Code Monkey home page Code Monkey logo

magpie's Introduction

image

Magpie is a deep learning tool for multi-label text classification. It learns on the training corpus to assign labels to arbitrary text and can be used to predict those labels on unknown data. It has been developed at CERN to assign subject categories to High Energy Physics abstracts and extract keywords from them.

Very short introduction

>>> magpie = Magpie()
>>> magpie.init_word_vectors('/path/to/corpus', vec_dim=100)
>>> magpie.train('/path/to/corpus', ['label1', 'label2', 'label3'], epochs=3)
Training...
>>> magpie.predict_from_text('Well, that was quick!')
[('label1', 0.96), ('label3', 0.65), ('label2', 0.21)]

Short introduction

To train the model you need to have a large corpus of labeled data in a text format encoded as UTF-8. An example corpus can be found under data/hep-categories directory. Magpie looks for .txt files containing the text to predict on and corresponding .lab files with assigned labels in separate lines. A pair of files containing the labels and the text should have the same name and differ only in extensions e.g.

$ ls data/hep-categories
1000222.lab 1000222.txt 1000362.lab 1000362.txt 1001810.lab 1001810.txt ...

Before you train the model, you need to build appropriate word vector representations for your corpus. In theory, you can train them on a different corpus or reuse already trained ones (tutorial), however Magpie enables you to do that as well.

from magpie import Magpie

magpie = Magpie()
magpie.train_word2vec('data/hep-categories', vec_dim=100)

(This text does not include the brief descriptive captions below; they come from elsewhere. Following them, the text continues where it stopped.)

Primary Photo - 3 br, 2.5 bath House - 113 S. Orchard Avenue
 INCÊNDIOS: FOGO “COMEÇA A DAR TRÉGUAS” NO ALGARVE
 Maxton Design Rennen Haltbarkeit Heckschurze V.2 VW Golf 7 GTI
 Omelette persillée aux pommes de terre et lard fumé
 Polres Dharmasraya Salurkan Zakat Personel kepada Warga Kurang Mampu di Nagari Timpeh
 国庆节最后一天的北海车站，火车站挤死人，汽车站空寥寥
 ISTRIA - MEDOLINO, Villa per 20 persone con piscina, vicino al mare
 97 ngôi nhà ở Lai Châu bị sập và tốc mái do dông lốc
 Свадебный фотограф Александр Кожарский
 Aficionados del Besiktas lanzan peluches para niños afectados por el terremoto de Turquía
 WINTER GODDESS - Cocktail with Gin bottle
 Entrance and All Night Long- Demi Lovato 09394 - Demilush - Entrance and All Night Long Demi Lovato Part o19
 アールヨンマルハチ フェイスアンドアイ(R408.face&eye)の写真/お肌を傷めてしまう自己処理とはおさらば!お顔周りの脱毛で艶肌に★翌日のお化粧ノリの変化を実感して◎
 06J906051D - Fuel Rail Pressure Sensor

Then you need to fit a scaling matrix to normalize input data, it is specific to the trained word2vec representation. Here's the one liner:

magpie.fit_scaler('data/hep-categories')

You would usually want to combine those two steps, by simply running:

magpie.init_word_vectors('data/hep-categories', vec_dim=100)

If you plan to reuse the trained word representations, you might want to save them and pass in the constructor to Magpie next time. For the training, just type:

labels = ['Gravitation and Cosmology', 'Experiment-HEP', 'Theory-HEP']
magpie.train('data/hep-categories', labels, test_ratio=0.2, epochs=30)

By providing the test_ratio argument, the model splits data into train & test datasets (in this example into 80/20 ratio) and evaluates itself after every epoch displaying it's current loss and accuracy. The default value of test_ratio is 0 meaning that all the data will be used for training.

If your data doesn't fit into memory, you can also run magpie.batch_train() which has a similar API, but is more memory efficient.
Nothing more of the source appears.